§ **What the task requires**
Leave the pictures out. Transcribe exactly every line from the start of the records through the one containing "Brigitte Bierlein, president".

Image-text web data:

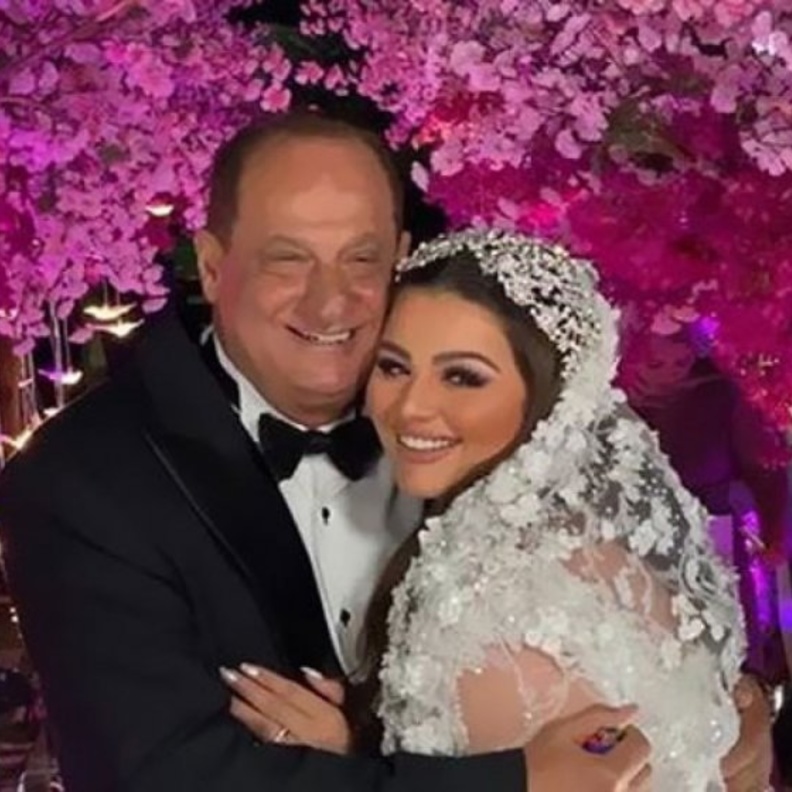  هنادي مهنا مع ابيها في الزفاف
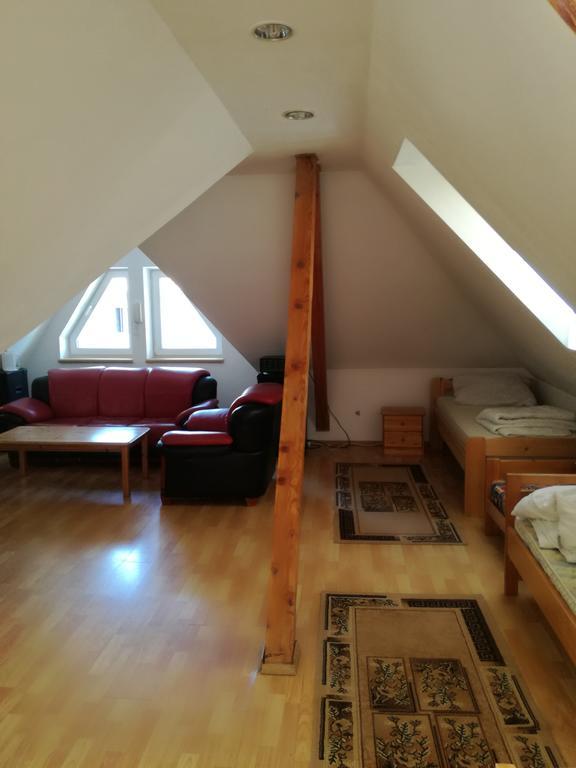 Apartament Roza Braşov Eksteriør bilde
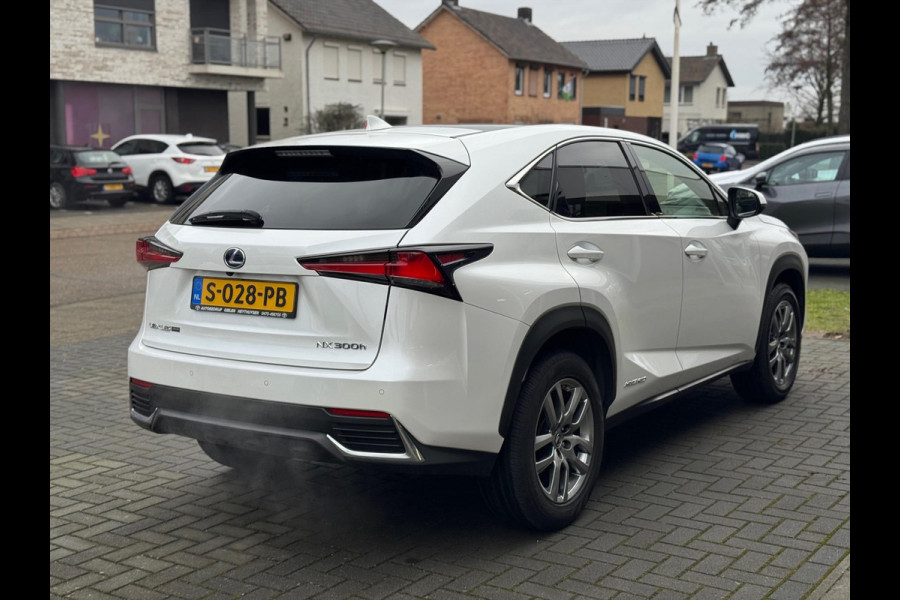 Lexus NX 300h AWD Luxury Line | Facelift, Panoramadak, Leer, Stoelverwarming, Groot scherm, Navigatie, Adaptive cruise control, 18 inch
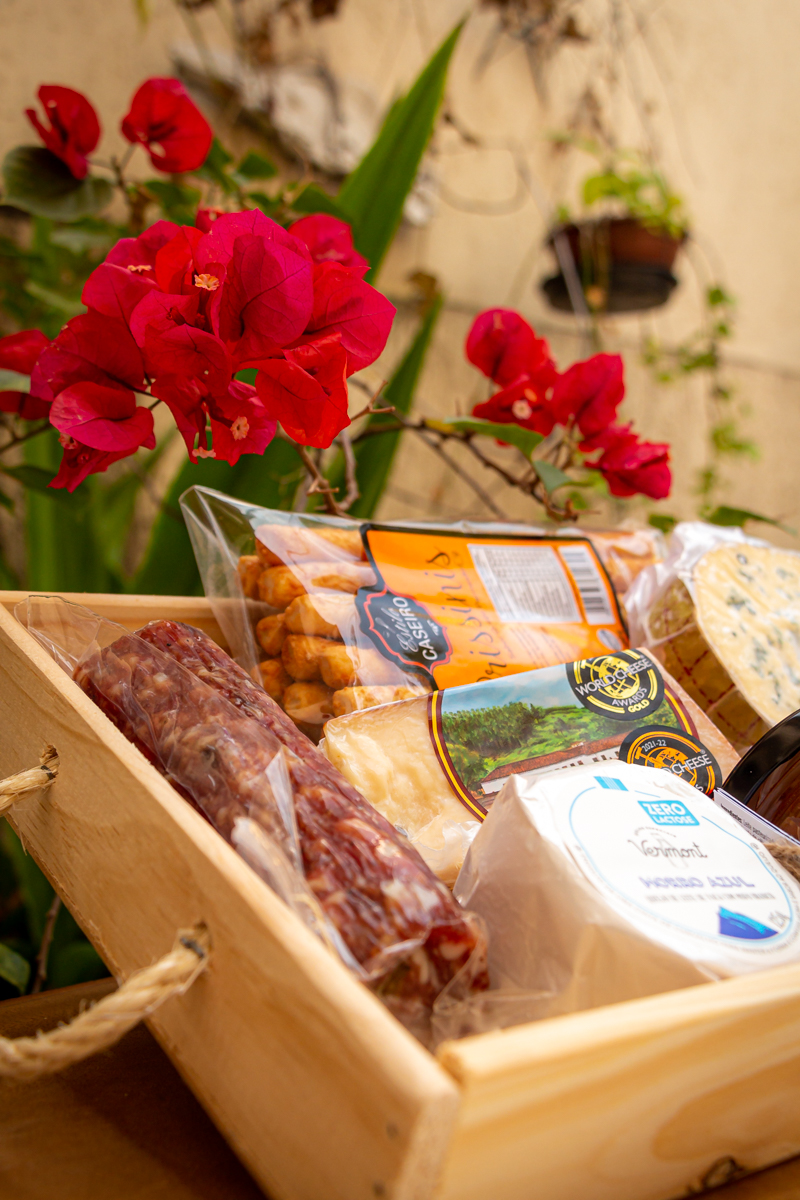 Salame artesanal Salumeria Mayer e queijo tulha premiado na cesta gourmet de Dia das Mães
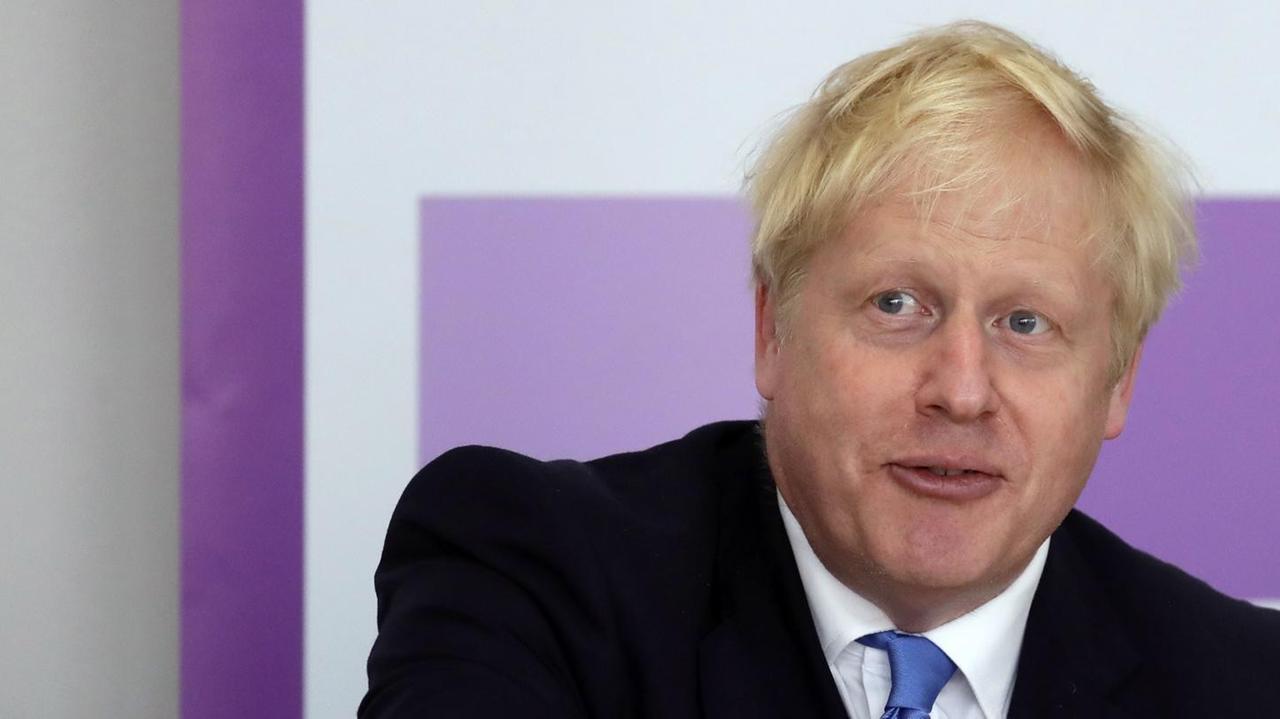 Boris Johnson muss sich als neuer Premier zum ersten Mal bei Wahlen beweisen: Verlieren seine konservativen Tories den Sitz bei den Nachwahlen in Wales, schrumpft seine Mehrheit im Unterhaus auf eine Stimme.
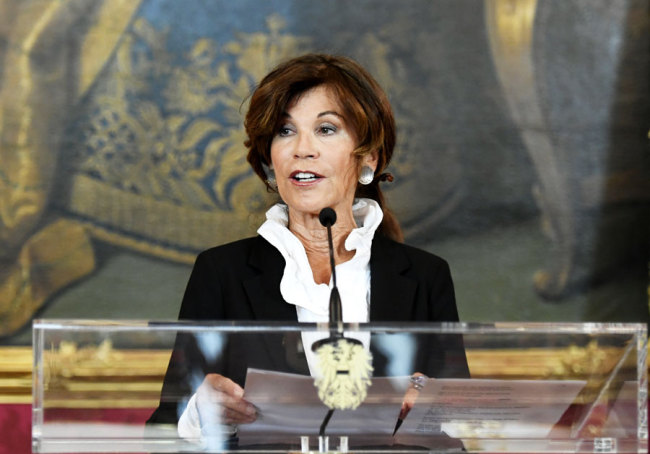 Brigitte Bierlein, president of the Austrian constitutional court, speaks to the media during a press conference with Austrian President Alexander van der Bellen at the Hofburg Palace in Vienna, Austria, 30 May 2019. [Photo: IC]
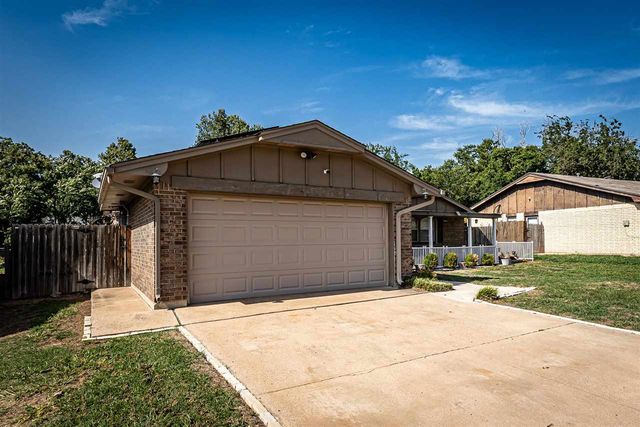 4618 NE Bell Ave, Lawton, OK 73507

§ **Solution to the problem**
  هنادي مهنا مع ابيها في الزفاف
 Apartament Roza Braşov Eksteriør bilde
 Lexus NX 300h AWD Luxury Line | Facelift, Panoramadak, Leer, Stoelverwarming, Groot scherm, Navigatie, Adaptive cruise control, 18 inch
 Salame artesanal Salumeria Mayer e queijo tulha premiado na cesta gourmet de Dia das Mães
 Boris Johnson muss sich als neuer Premier zum ersten Mal bei Wahlen beweisen: Verlieren seine konservativen Tories den Sitz bei den Nachwahlen in Wales, schrumpft seine Mehrheit im Unterhaus auf eine Stimme.
 Brigitte Bierlein, president of the Austrian constitutional court, speaks to the media during a press conference with Austrian President Alexander van der Bellen at the Hofburg Palace in Vienna, Austria, 30 May 2019. [Photo: IC]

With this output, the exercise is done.